Now we have finished cleaning up and preprocessing the data. Next we can start using Logistic Regresson model to train the dataset and get the result.

# Results and Evaluation--Modeling (Logistic Regression with Scikit-learn)

In [172]:
from sklearn.linear_model import LogisticRegression
LR = LogisticRegression(C=0.01, solver='liblinear').fit(normalized_train_X,y_train)
LR

LogisticRegression(C=0.01, class_weight=None, dual=False, fit_intercept=True,
                   intercept_scaling=1, l1_ratio=None, max_iter=100,
                   multi_class='auto', n_jobs=None, penalty='l2',
                   random_state=None, solver='liblinear', tol=0.0001, verbose=0,
                   warm_start=False)

In [173]:
yhat = LR.predict(normalized_test_X)
yhat

array([1, 1, 1, ..., 1, 1, 1])

## Jaccard Index

Lets try jaccard index for accuracy evaluation

In [174]:
from sklearn.metrics import jaccard_similarity_score
jaccard_similarity_score(y_test, yhat)



0.6684544124817162

## log loss

Now, lets try log loss for evaluation.

In [175]:
from sklearn.metrics import log_loss
yhat_prob = LR.predict_proba(normalized_test_X)
yhat_prob
log_loss(y_test, yhat_prob)

0.6313322949241933

# Discussion

In the results above, we used Logisitic Regression to attempt to add a warning function of Seattle Washington district in navigation apps.The Logistic Regression model we used has up to 66.8% accuracy of predicting traffic severity levels in Seattle.

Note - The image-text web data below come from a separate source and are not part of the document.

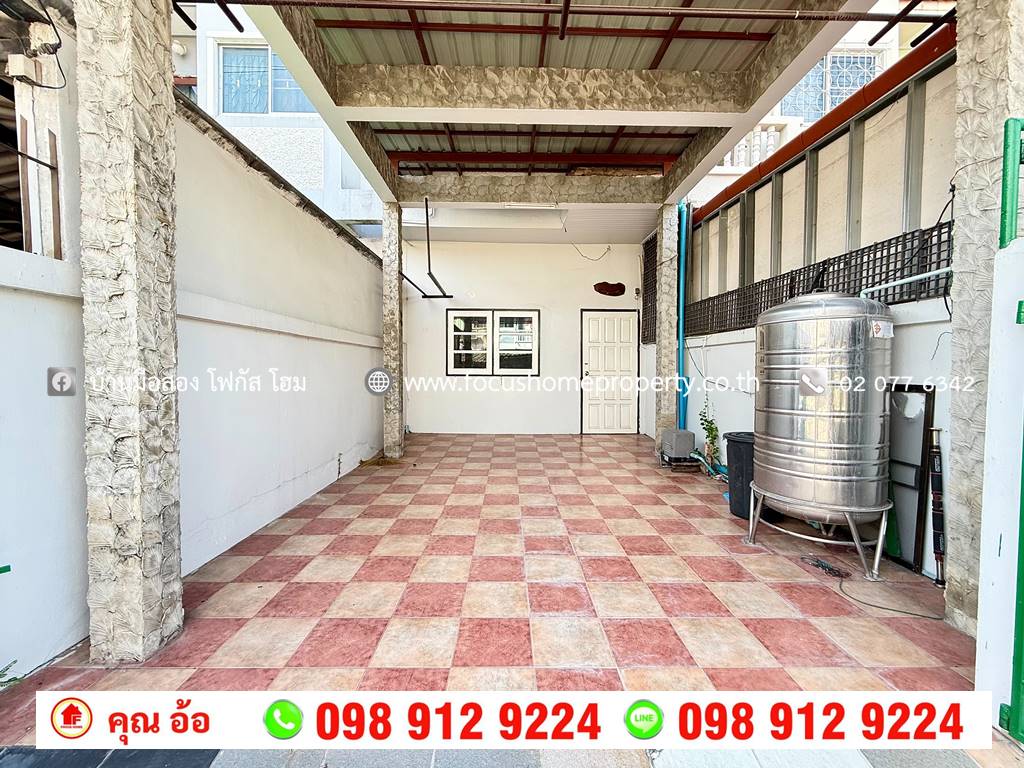 ขาย ทาวน์เฮ้าส์ 2 ชั้น หมู่บ้าน บ้านบางบัวทอง บ้านกล้วย-ไทรน้อย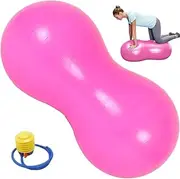 Peanut Ball, Anti Burst Thicken Pvc Peanut Exercise Ball, 35.4x17.7" Balance with a Air Pump, Portable for Kids Therapy Pregnancy Yoga, Home & Gym for Kids Therapy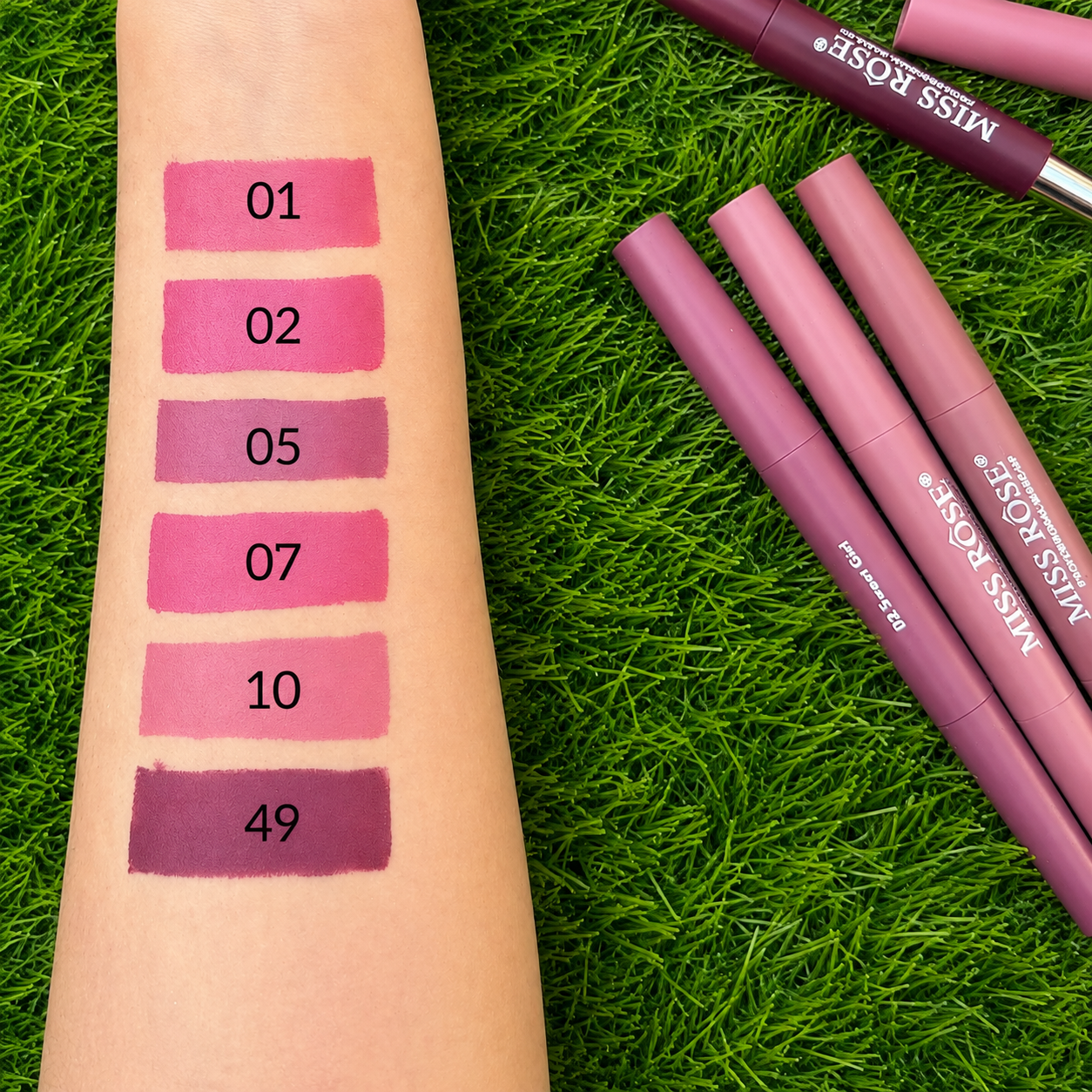 Miss Rose 2in1 Lipstick Pink Edition Pack of 6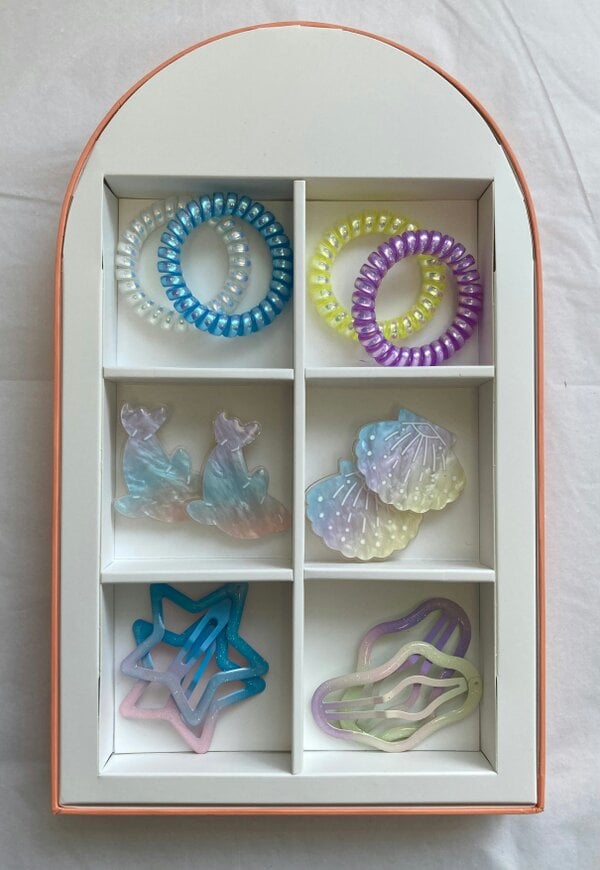 Gold Trip Under The Sea Hair Accessories Set - Blue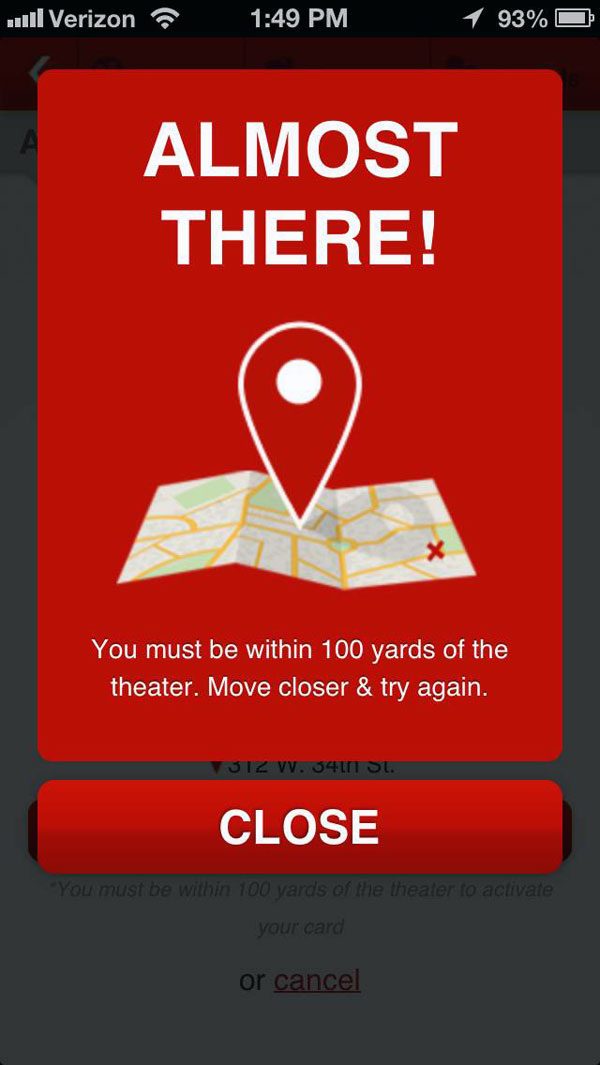 movie pass screenshot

During preprocessing the data, I deleted all the row data which don't have explicitly information in the variables that were selected eventhough they noted 'Unknown' or 'Other'. The reason was because this kind of information would give no indication comparing to other categories but would affect the final accuracy if I combine them into other categories which have apparent indication.

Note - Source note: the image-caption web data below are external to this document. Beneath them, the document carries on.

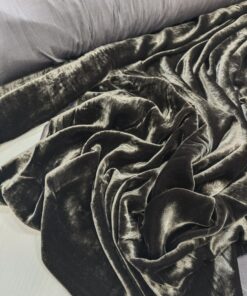 Balenciaga роскошный черный бархат из Италии купить в розницу недорого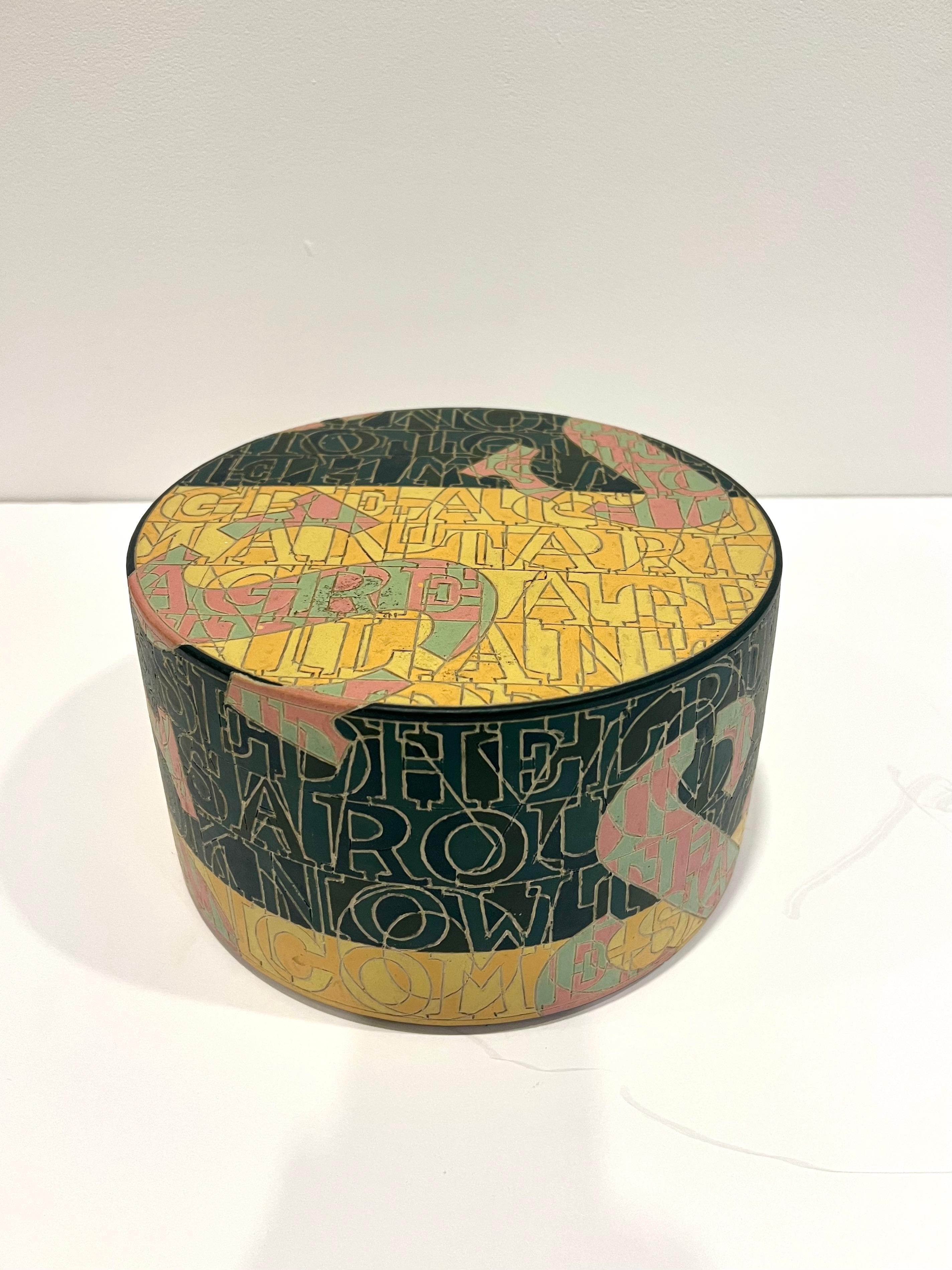 Oggetto scultoreo in gres con lettere incise di Bo Kristiansen, Danimarca in vendita 3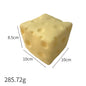 Cheese Cube Stress Ball Big Cheese Shapeable Squeeze Ball Non-Bounce Fidget Toy Relieve Stress Sensory Anti-Stress Festival Gift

Thus due to strict data info requirements of the dataset, the original dataset dropped from 194673 rows to 143568 rows before it get trained. According to this, the apps should be able to access other APIs to guarantee that all required variables can be provided other than X/Y coordinates when using this model to provide predictions of severity of accidents.

# Conclusion

Purpose of this project was to utilize the collision data records of Seattle to build a model which can predict the severity of road accidents in this area so that it can help the Seattle residents reduce chances of getting fatal or severe injury.

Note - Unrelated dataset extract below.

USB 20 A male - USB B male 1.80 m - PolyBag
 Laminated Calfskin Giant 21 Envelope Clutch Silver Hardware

The prediction of this model would be used to give navigation users a warning if necessary. But the final decision of wether to go out or not after receiving a severity warning would still be made by individuals based on their personal requirements and needs.

To evaluate the model performance in real life, not only the prediction accuracy counts, additional factors should be taken into considerate.